デジタルポケットが主催するビスケットファシリテータ講習は、このカリキュラムの一部(3時間分)が教えられる人材を育成している。修了生はすでに350名を超え、全国で活躍している。

一方で、講習を修了したファシリテータからは次のような課題が伝えられていた。

  • 1日の講習だけでは実際の現場に立てるまでの力はつかない
  • それぞれの現場での環境に固有の問題にはサポートできない
  • より高度な内容の授業がしたい

そこで、ビスケットファシリテータ講習修了生をメンターとし、各メンターが関係している学校等でそこの機材を使用して継続的に講座ができるように研修を行う。メンターを東京一箇所に集めて講習を行った後、各現地において引き続き実施のアドバイスを行う。プログラミング講習の様子はSNS等で各地と共有し、指導法のブラッシュアップを図る。

全体概要図
図)全体概要図

1.2 実施体制

1.2.1 体制図

体制図
図)体制図

1.2.2 実証校、教育委員会、他外部団体との連携について

実証校との調整は全て各地域のファシリテータが行った。各自の属性によって異なるので、いくつかの例を示す。

ファシリテータがその学校の教員:情報の教員で夏休みの特別イベントとして実施した(8奈良女子大学附属小学校)。

ファシリテータがその学校の保護者:すでに学校内で実施するイベントの開催に合わせて講座を実施した(5海老名市)。すでに何度かそのファシリテータがプログラミング講座を実施しており学校側の理解が高かった(4川崎市)。

ファシリテータがすでに学校とで何らかのつながりがあったケース:ファシリテータが高校・高専の教員で近隣の小学校とすでにつながりがあり、何度かプログラミング講座を実施していた(2龍ケ崎市、11阿南市)。ファシリテータがその小学校のICTサポーターで、何度かプログラミング講座を実施していた(6二宮町)。ファシリテータがその学校へ絵本の読み聞かせなどで支援していたケース(8清須市)。

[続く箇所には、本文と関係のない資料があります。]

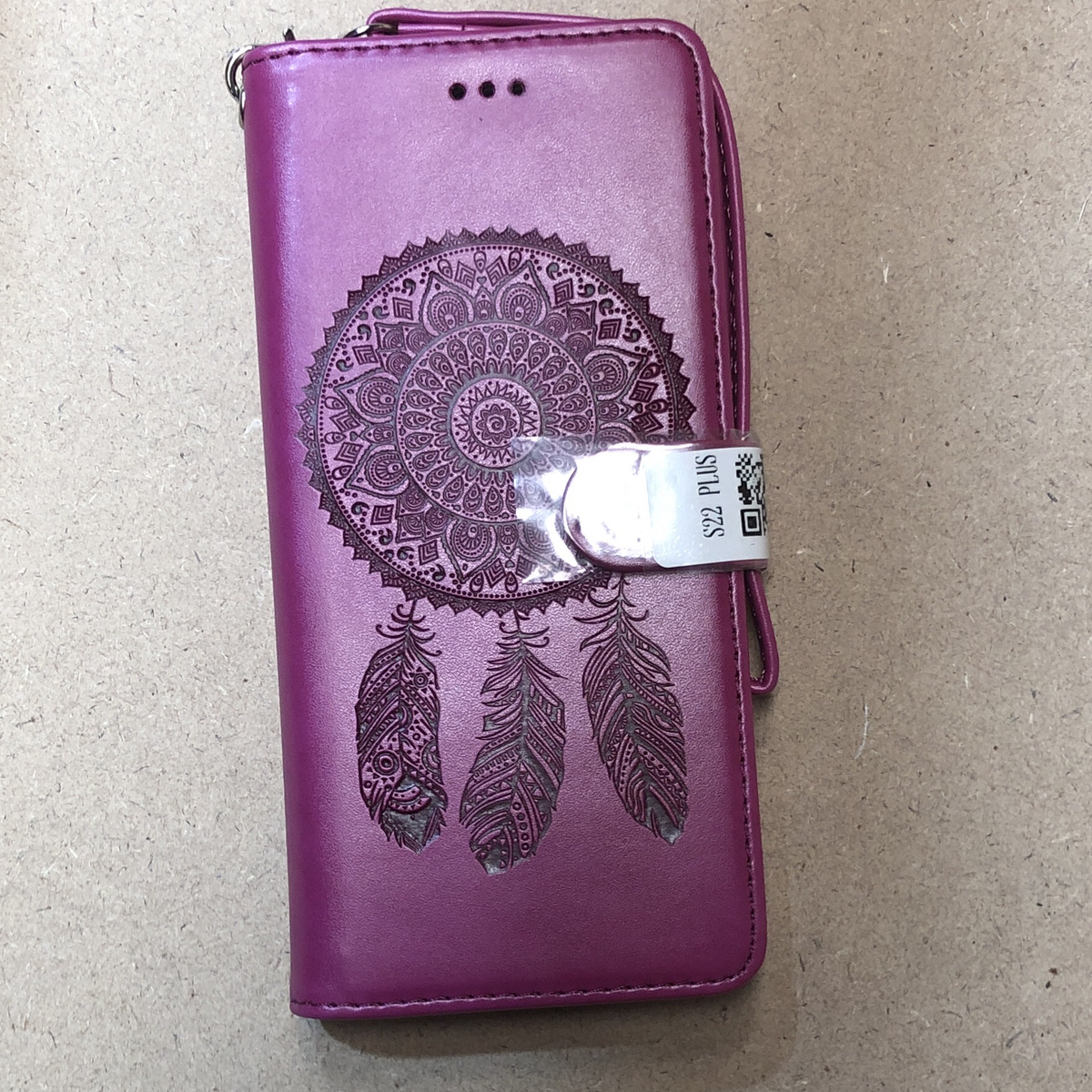 Samsung S22 Plus Book Case Embossed Dreamcatcher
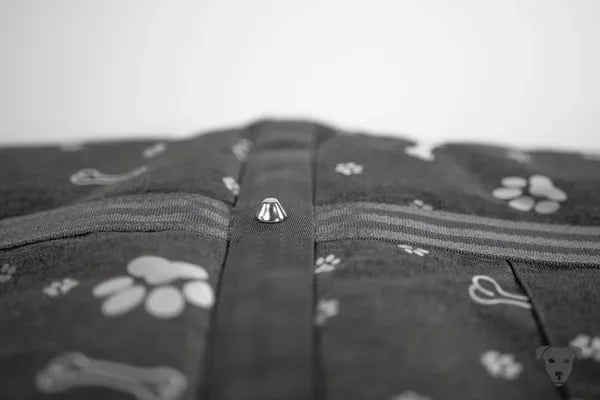 Hunde-Reisebett-in-Anthrazit-mit-silbernem-Pfoten-und-Knochen-Print, handgefertigt-von-handmade-4-dogs. Die-Liegefläche-ist-ein-dickerer-kuscheliger-Jeans-Stoff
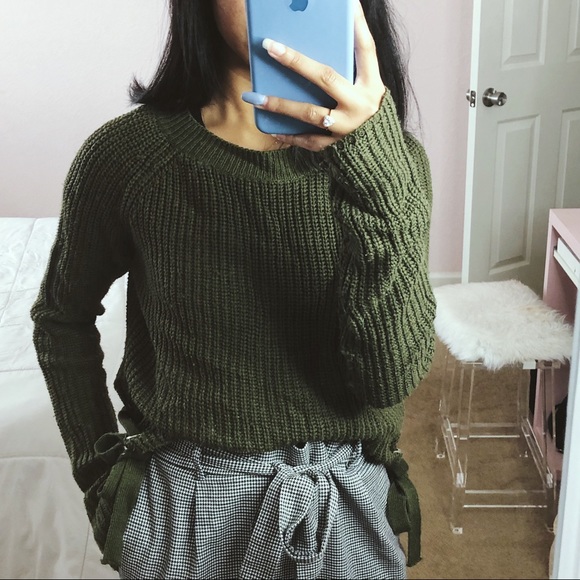 Deep Green Knit Sweater - Picture 1 of 2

ファシテーターが教育委員会を通じて学校を紹介してもらったケース:夏休みのイベントとして実施した学校以外に周辺の学校への参加を呼びかけて実施した(7長泉町)。

学校以外の実施は、ファシリテータがその施設の管理者もしくは関係者(1石狩市、3足利市、10神戸市)。

学校の協力度合いは様々であった(とても協力的から懐疑的まで)が、後述するように、講座終了後の学校側の態度はとても良好になった。

1.3 実施スケジュール

実施スケジュール

2. メンターの育成

2.1 育成メンター概要

メンターはビスケットファシリテータ講習受講者を対象とした。ビスケットファシリテータ講習は単にビスケットの効果的な教え方だけでなく、本来なら教養として一般人も持つべきであるとデジタルポケットが考えている「コンピュータサイエンス入門」の講座も含まれている。すなわち、なぜプログラミング教育が小学生段階から必要であるかということを、自分の言葉で語ることができる人材である(ただし、必ずしもコンピュータの専門家ではない点に注意)。また、これらの修了生の中にはそれぞれの地元・地域での活動の場をもとめている方々もいた。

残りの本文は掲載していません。